> _Exercise instructions_
Omit every picture and return the rest of the data unaltered.

> _Source data_
Start of Block
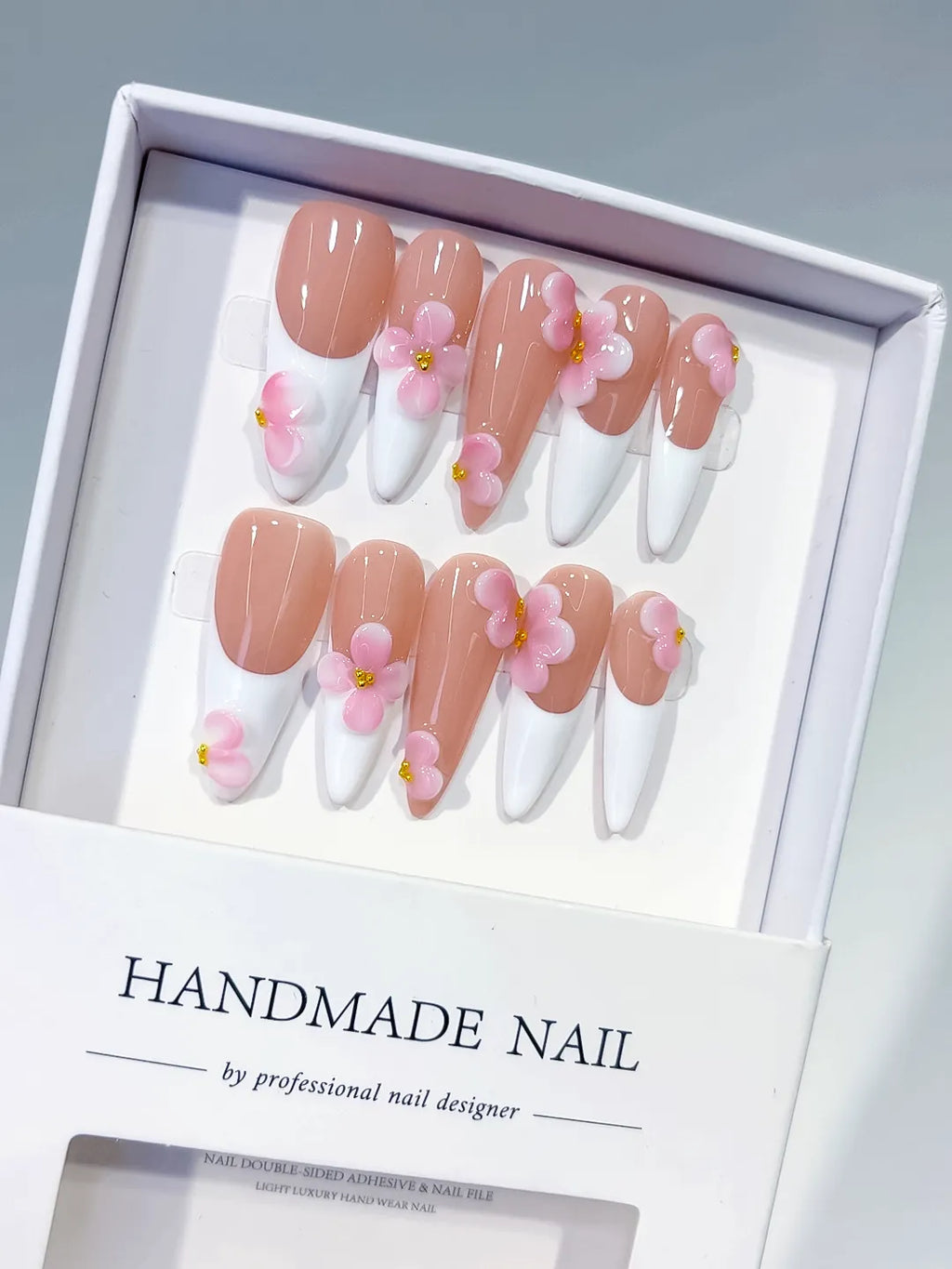 D561 - Long Nude White Stiletto French tip Flower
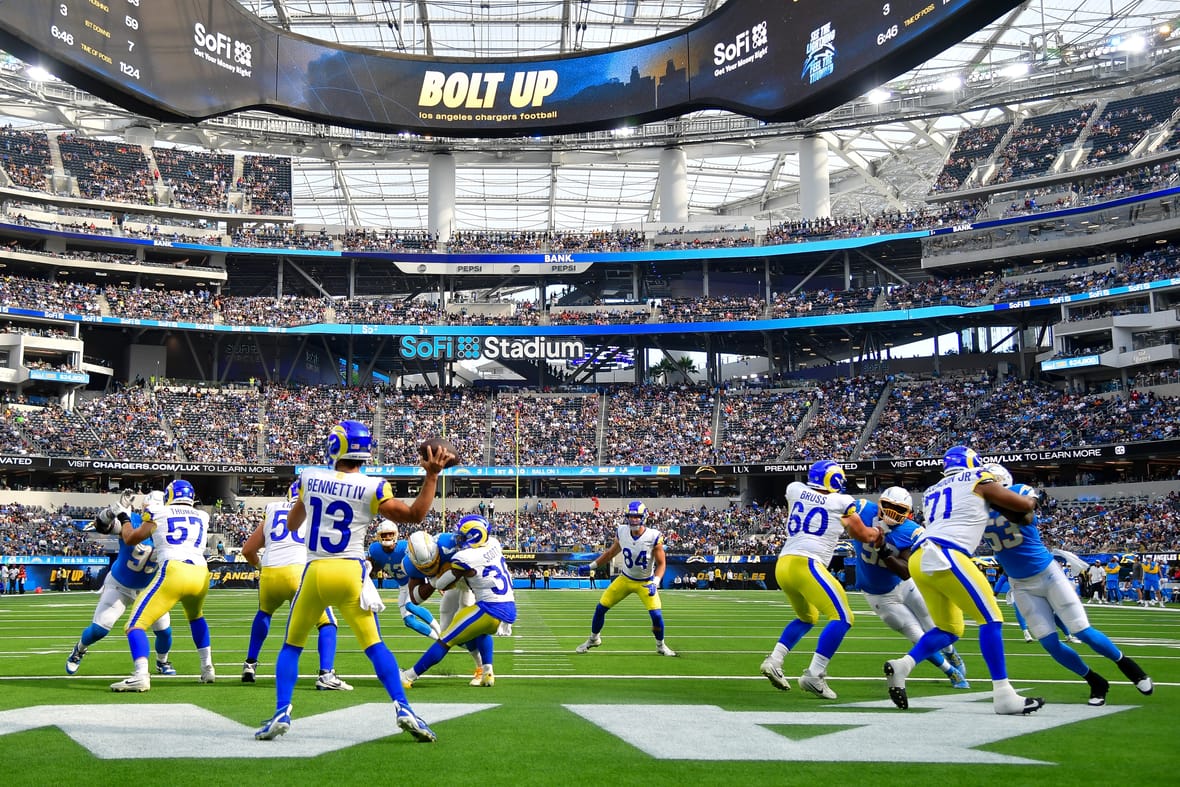 The Los Angeles Rams take the field at SoFi Stadium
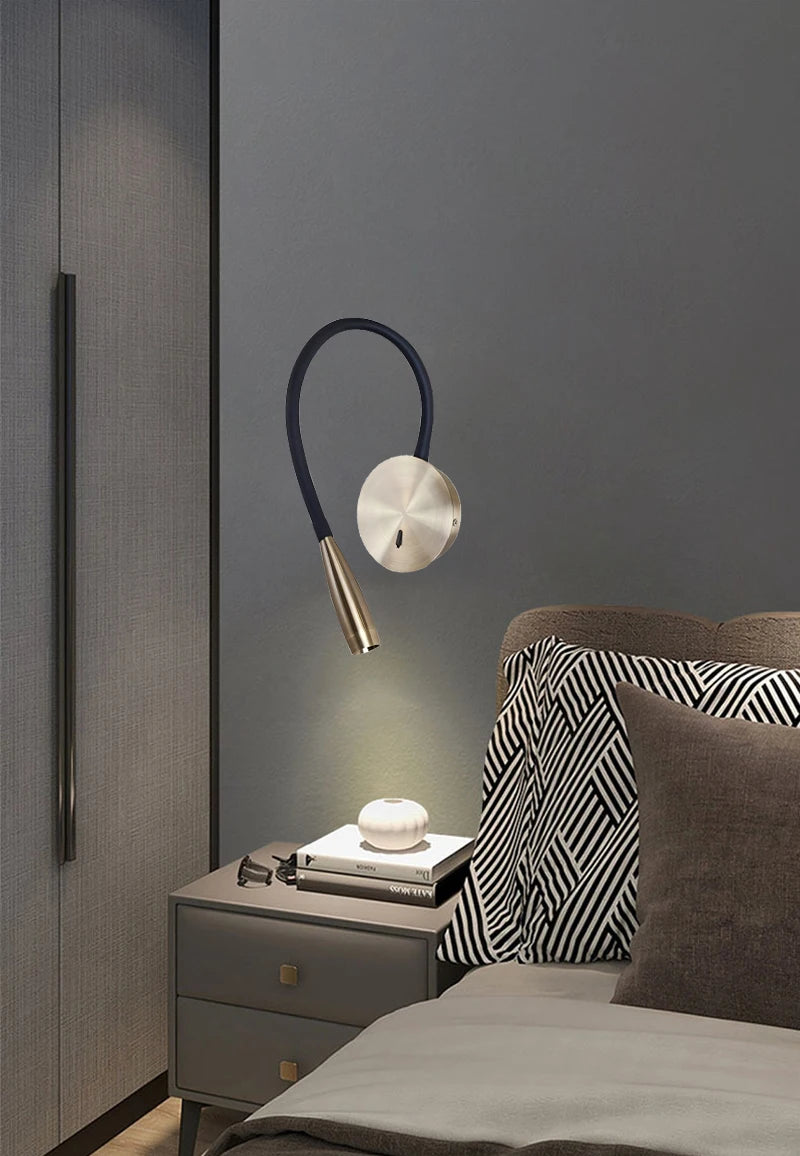 LRLEDS 583mm Ultra-Long Arm LED Wall Lamp - Nordic Flexible Bedside Reading Light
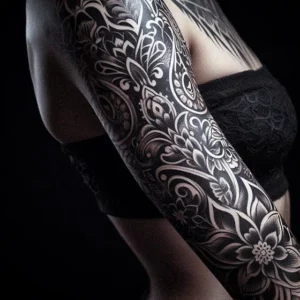 Floral Tribal tattoo design for women7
End of Block
> _Answer space_
 D561 - Long Nude White Stiletto French tip Flower
 The Los Angeles Rams take the field at SoFi Stadium
 LRLEDS 583mm Ultra-Long Arm LED Wall Lamp - Nordic Flexible Bedside Reading Light
 Floral Tribal tattoo design for women7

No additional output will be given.